Published on May 22, 2026

Think of homes that feel more like installations, minimal to the extreme, anti cozy, sometimes even intentionally disorienting.

If you are someone who gravitates toward bold statement pieces that turn heads or leave guests quietly puzzled, you are not alone. A thoughtful mix of art in your living space has the power to elevate even the simplest interiors. But what happens when the line between furniture and art begins to blur? When a chair feels sculptural, or when candles look more at home in a gallery than a living room, the entire atmosphere shifts.

Suddenly, your home is not just decorated, it becomes a space that provokes, inspires, and even challenges. Combining function with visual experimentation creates a layered experience that goes beyond aesthetics. If you are drawn to objects that serve a purpose while also doubling as conversation starters, then these furniture and decor brands are worth exploring.

Rick Owens

Ahh, Rick Owens. Best known for his eponymous cult fashion label, he also designs his own line of furniture and large scale installations. Talk about a multifaceted artist. His furniture feels like an extension of his world, immersive, sculptural, and unmistakably his. It is almost like stepping into the mind of Rick Owens and seeing how he lives, thinks, and creates.

His pieces are marked by a bold use of industrial and natural materials, often brought together in a brutalist, monolithic style. Concrete, marble, alabaster, bronze, raw and blackened plywood, fossilised wood, and animal horns such as moose antlers form the core of his material palette. He also integrates elements like leather, suede, rock crystal, and even Styrofoam, pushing the boundaries between luxury and rawness.

The result is a primal yet sophisticated aesthetic, stripped back but deeply expressive. The use of antlers and bone gives some pieces a sculptural, almost totemic quality, while leather and suede soften the edge, adding a layer of tactile richness. Owens’ furniture does not just fill a room. It dominates, provokes, and transforms it. He has stockists in New York, London, Brussels, and Genève where you can view his furniture.

Rick Owens Daybed, 2012
Rick Owens Bed Alabaster, 2010
Rick Owens Stag Chair, 2007

100100

With thorny, dreamlike forms, 100100 is a Cyprus based conceptual designer and digital artist. Her work connects different eras of art and design, forging fresh relationships between history and modern life. She works mostly in metals and glass, but also explores digital illustrations that blend flat and sculptural elements.

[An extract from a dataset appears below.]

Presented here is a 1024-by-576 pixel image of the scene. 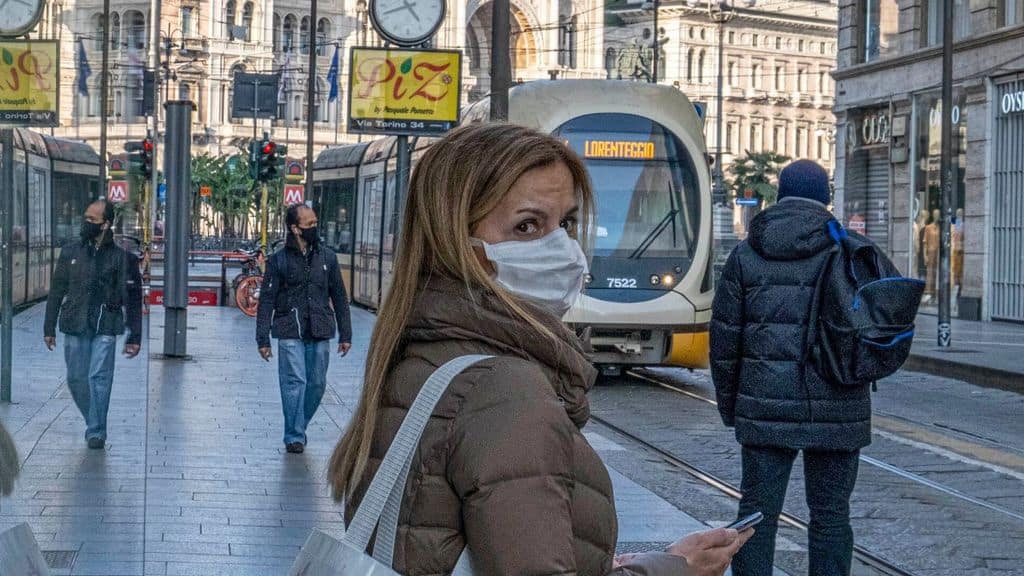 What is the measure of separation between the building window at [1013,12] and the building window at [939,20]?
3.50ft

Her pieces look like they belong in a futuristic museum or a high tech fantasy. You will find glowing glass sculptures with jagged metal accents, thorny chairs and tables, and jewellery that could double as miniature artefacts. She also designs everyday items, candle holders, cups, and small vessels. Each one feels more like a collectible than a utilitarian object.

The overall vibe: part handcrafted, part high tech, all striking. It feels curated yet spontaneous, with surfaces that catch light and edges that surprise. Whether she is showcasing a sculptural stool or a necklace, her range offers a cohesive glimpse into a world where function meets fantasy.

100100, "Thorned" Table
100100, Prototype chair
Custom made chandelier by 100100

Ola Lewczyk

Ola Lewczyk blends craft, material exploration, and Slavic folklore in a way that feels both personal and quietly magical. They mainly work with clay, beeswax, and natural, found materials, using their hands to explore the connection between people and the more than human world.

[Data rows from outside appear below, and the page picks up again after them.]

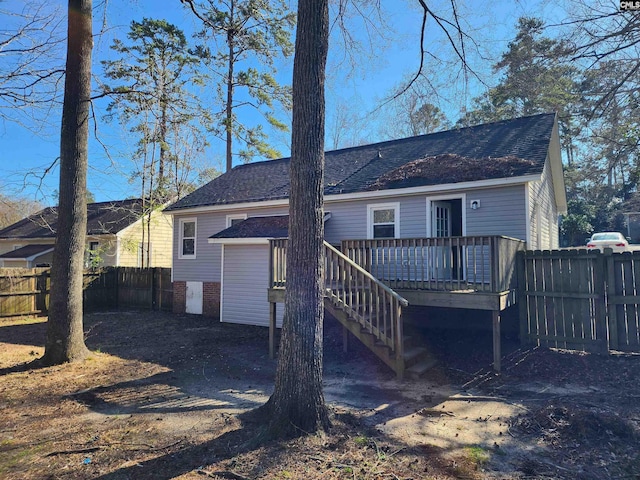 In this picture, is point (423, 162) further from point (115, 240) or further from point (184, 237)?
point (115, 240)

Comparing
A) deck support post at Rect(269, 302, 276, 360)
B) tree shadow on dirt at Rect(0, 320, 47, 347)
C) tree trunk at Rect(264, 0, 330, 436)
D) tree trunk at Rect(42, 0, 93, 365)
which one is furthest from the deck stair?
tree shadow on dirt at Rect(0, 320, 47, 347)

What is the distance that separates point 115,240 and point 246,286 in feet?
39.5

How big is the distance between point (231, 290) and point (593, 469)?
10.4 metres

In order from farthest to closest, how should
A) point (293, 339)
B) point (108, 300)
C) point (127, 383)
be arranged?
point (108, 300) < point (127, 383) < point (293, 339)

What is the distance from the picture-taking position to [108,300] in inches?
640

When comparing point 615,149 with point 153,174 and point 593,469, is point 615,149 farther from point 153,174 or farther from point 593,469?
point 153,174

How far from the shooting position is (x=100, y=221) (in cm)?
2231

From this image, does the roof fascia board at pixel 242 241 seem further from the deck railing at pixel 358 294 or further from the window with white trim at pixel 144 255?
the window with white trim at pixel 144 255

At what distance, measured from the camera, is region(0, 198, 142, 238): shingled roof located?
68.6ft

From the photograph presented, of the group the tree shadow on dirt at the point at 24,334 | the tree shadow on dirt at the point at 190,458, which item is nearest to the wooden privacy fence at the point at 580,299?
the tree shadow on dirt at the point at 190,458

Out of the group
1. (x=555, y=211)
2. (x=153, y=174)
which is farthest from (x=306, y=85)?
(x=153, y=174)

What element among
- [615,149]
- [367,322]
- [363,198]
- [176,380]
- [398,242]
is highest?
[615,149]

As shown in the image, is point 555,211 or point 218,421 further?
point 555,211

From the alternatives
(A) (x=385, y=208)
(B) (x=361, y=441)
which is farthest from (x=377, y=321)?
(A) (x=385, y=208) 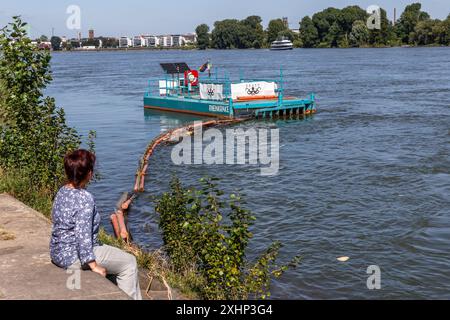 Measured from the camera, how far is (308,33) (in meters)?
170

A lot of their inspiration comes from old Slavic tales, customs, and everyday objects. But rather than just preserving the past, Ola reinterprets it, creating new mythologies rooted in nature, instinct, and things that are not always easy to explain.

You will find beeswax candles shaped like hearts or clovers, often with multiple wicks, giving off a soft glow and a sense of quiet ritual. The wax is family collected, and each piece is made by hand through a slow layering process, delicate but purposeful. Their ceramic works are just as rich: hand built pots, wall mounted spoon racks called łyżniki, and candle holders, often glazed in natural ash or wood fired over several days to bring out deep, earthy textures.

There is something grounded about their pieces. During their time apprenticing in Devon, you can see how much care and connection goes into each form, as if the materials themselves are collaborators. Everything feels tactile, symbolic, and steeped in something older.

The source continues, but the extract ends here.